Image-text web data:
┌──

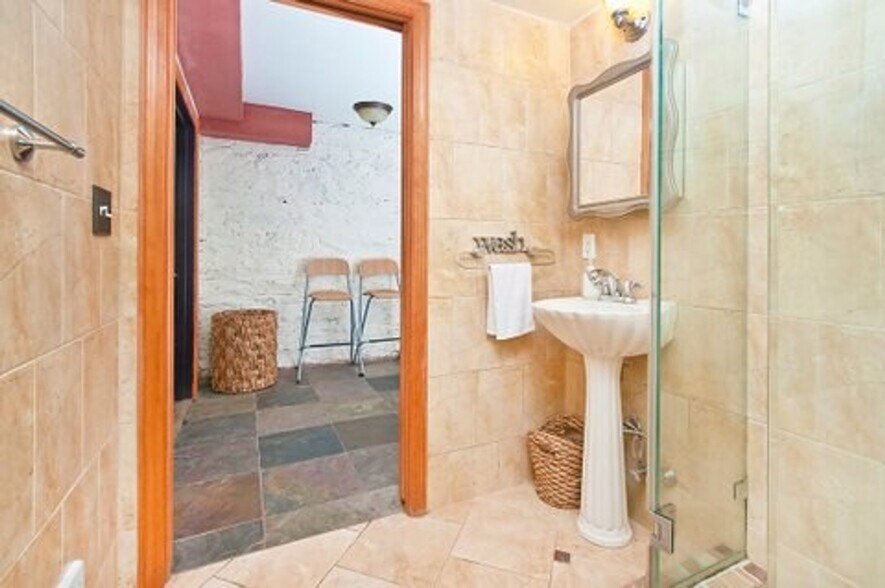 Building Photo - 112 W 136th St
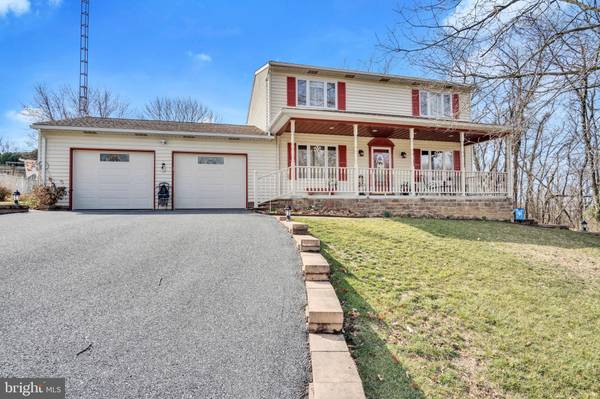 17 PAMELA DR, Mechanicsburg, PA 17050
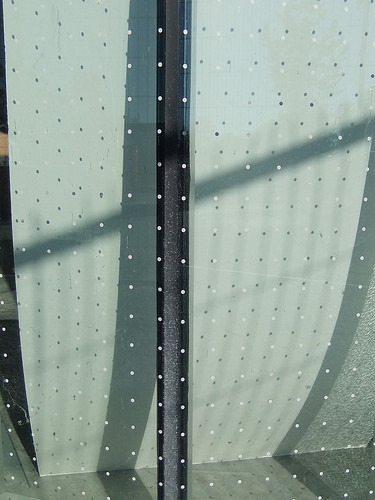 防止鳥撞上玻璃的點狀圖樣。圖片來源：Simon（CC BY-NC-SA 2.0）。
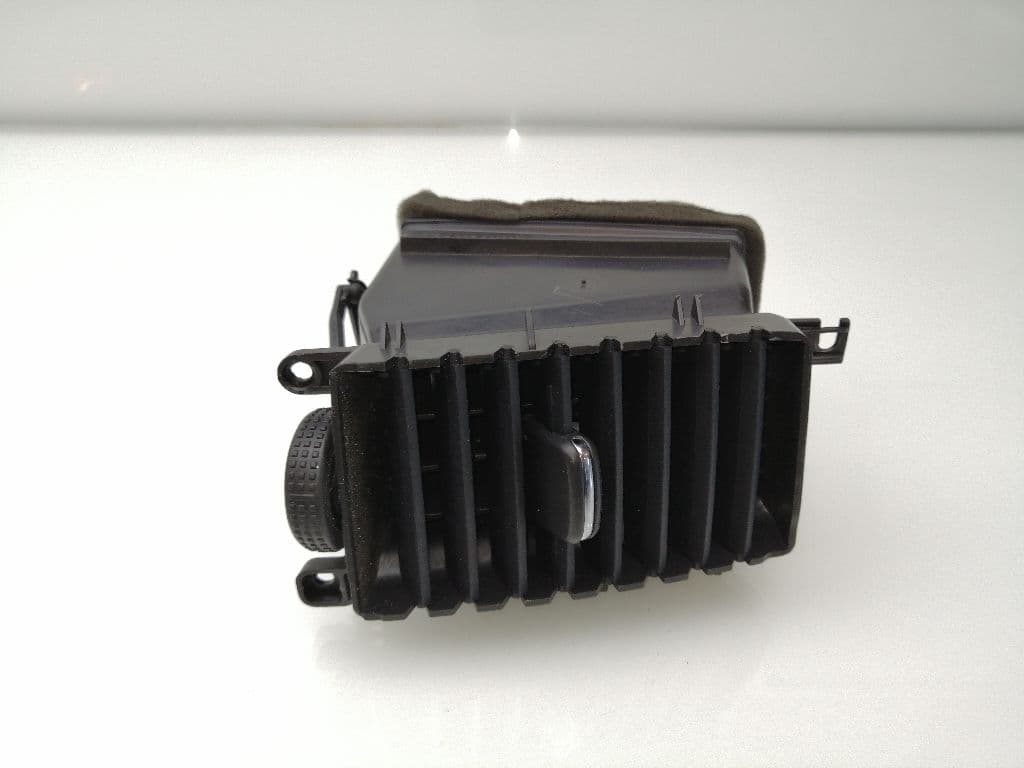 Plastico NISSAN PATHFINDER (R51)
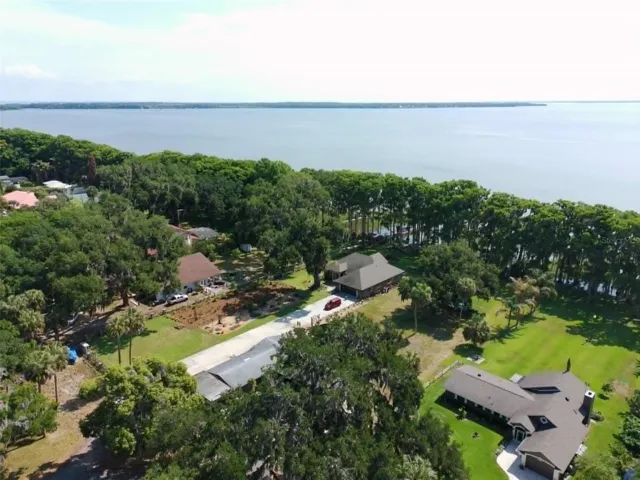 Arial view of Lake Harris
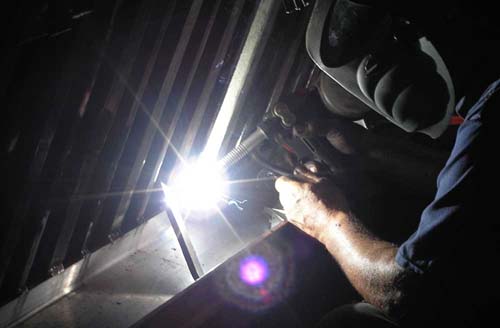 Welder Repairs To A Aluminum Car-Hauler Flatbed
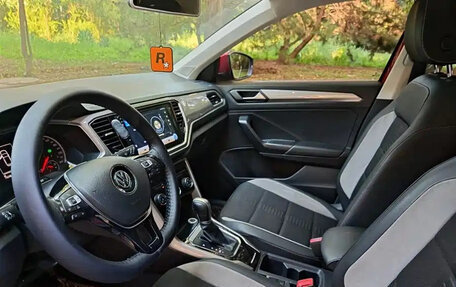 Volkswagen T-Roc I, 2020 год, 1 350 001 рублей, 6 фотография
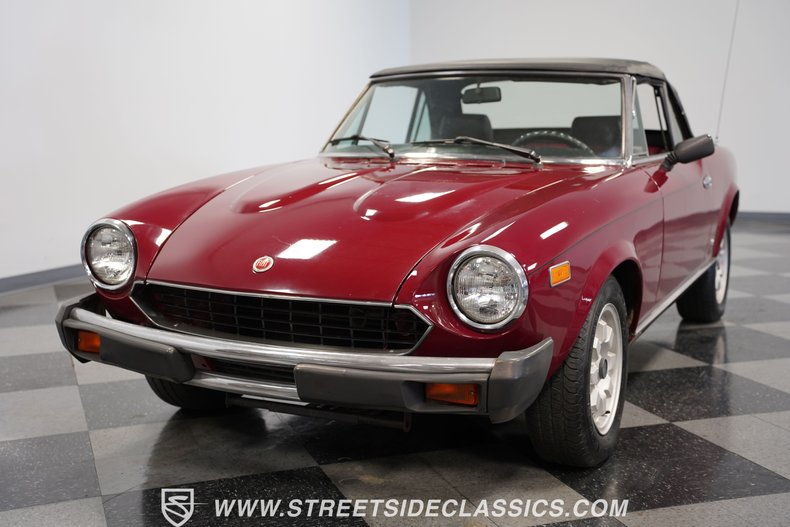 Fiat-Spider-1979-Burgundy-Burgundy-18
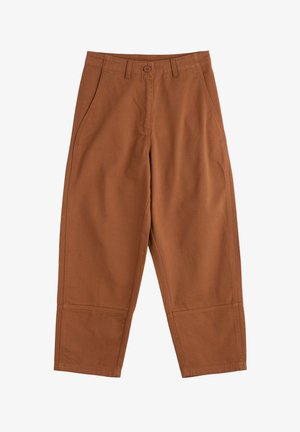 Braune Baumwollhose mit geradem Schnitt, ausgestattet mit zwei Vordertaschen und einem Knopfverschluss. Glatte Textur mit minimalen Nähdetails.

└──
┌──

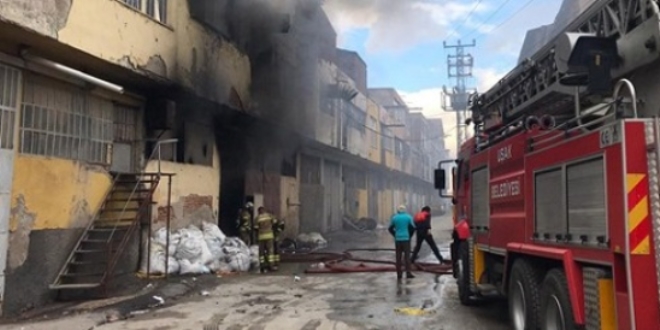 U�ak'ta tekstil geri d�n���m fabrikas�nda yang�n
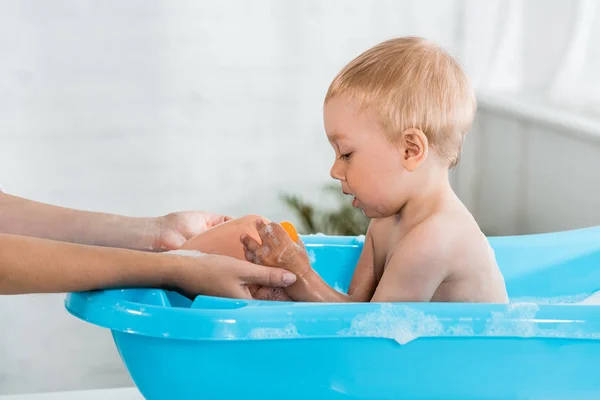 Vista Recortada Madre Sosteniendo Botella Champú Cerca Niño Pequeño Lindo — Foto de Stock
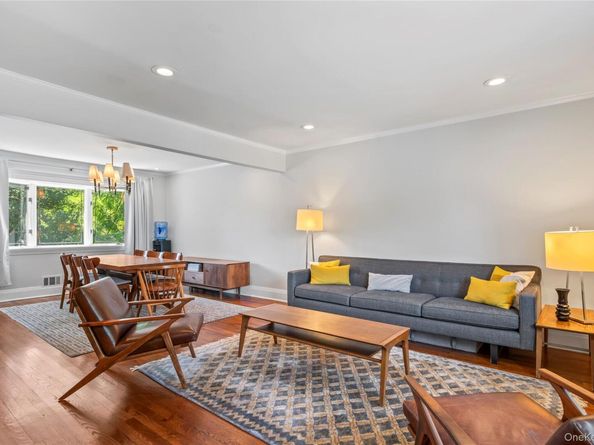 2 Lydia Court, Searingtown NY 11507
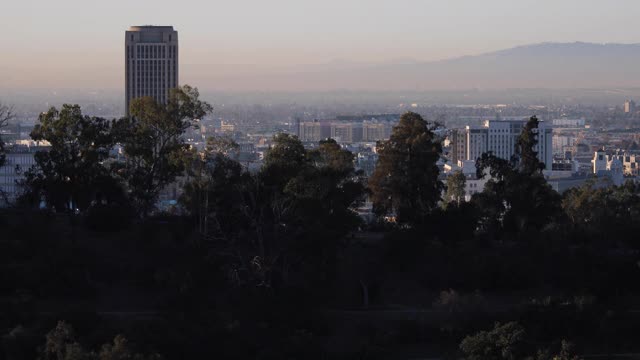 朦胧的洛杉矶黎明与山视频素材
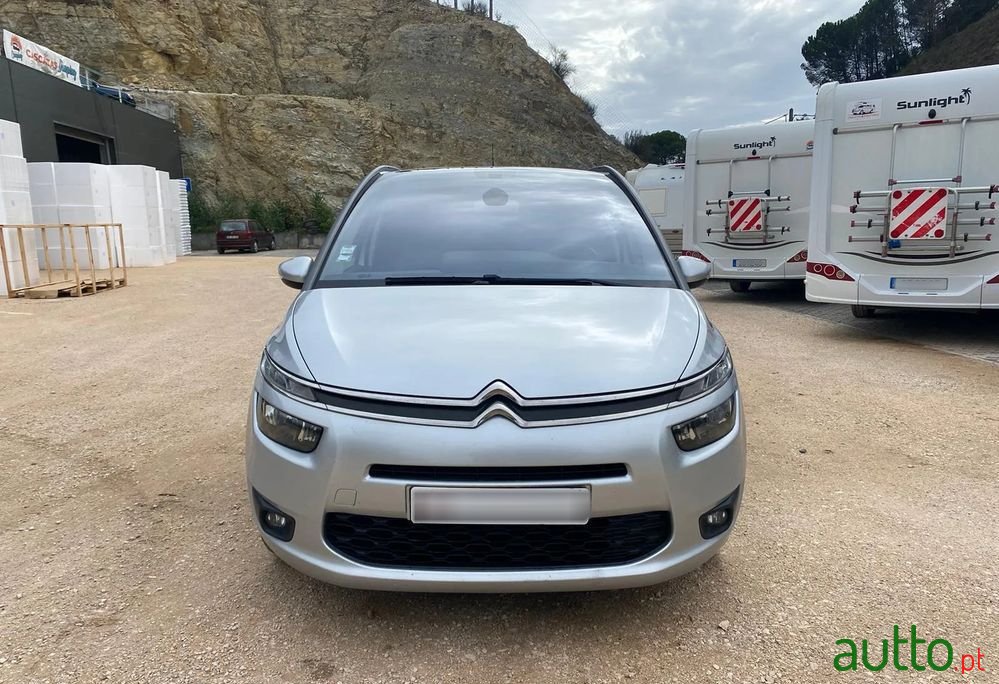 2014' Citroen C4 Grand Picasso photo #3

└──

TRY IT
Between and including the line above that contains "Building Photo - 112 W 136th St" and the line that contains "Volkswagen T-Roc I, 2020", restate every line word for word. Pictures stay out.

SOLUTION TO THE PROBLEM
 Building Photo - 112 W 136th St
 17 PAMELA DR, Mechanicsburg, PA 17050
 防止鳥撞上玻璃的點狀圖樣。圖片來源：Simon（CC BY-NC-SA 2.0）。
 Plastico NISSAN PATHFINDER (R51)
 Arial view of Lake Harris
 Welder Repairs To A Aluminum Car-Hauler Flatbed
 Volkswagen T-Roc I, 2020 год, 1 350 001 рублей, 6 фотография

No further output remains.